__Extracted data entries__:

=====

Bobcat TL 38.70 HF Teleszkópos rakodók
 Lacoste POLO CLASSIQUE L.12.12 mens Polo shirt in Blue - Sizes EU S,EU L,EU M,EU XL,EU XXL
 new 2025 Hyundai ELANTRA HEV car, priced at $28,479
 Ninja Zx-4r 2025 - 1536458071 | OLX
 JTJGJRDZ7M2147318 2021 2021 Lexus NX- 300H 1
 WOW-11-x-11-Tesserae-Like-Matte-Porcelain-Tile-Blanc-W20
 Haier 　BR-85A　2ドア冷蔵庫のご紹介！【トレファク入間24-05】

=====

__Exercise aim__: Here the answer is the exact run of lines above, from the line with "Ninja Zx-4r 2025 - 1536458071 | OLX" down to the last, and nothing else.

__Output for this exercise__:
 Ninja Zx-4r 2025 - 1536458071 | OLX
 JTJGJRDZ7M2147318 2021 2021 Lexus NX- 300H 1
 WOW-11-x-11-Tesserae-Like-Matte-Porcelain-Tile-Blanc-W20
 Haier 　BR-85A　2ドア冷蔵庫のご紹介！【トレファク入間24-05】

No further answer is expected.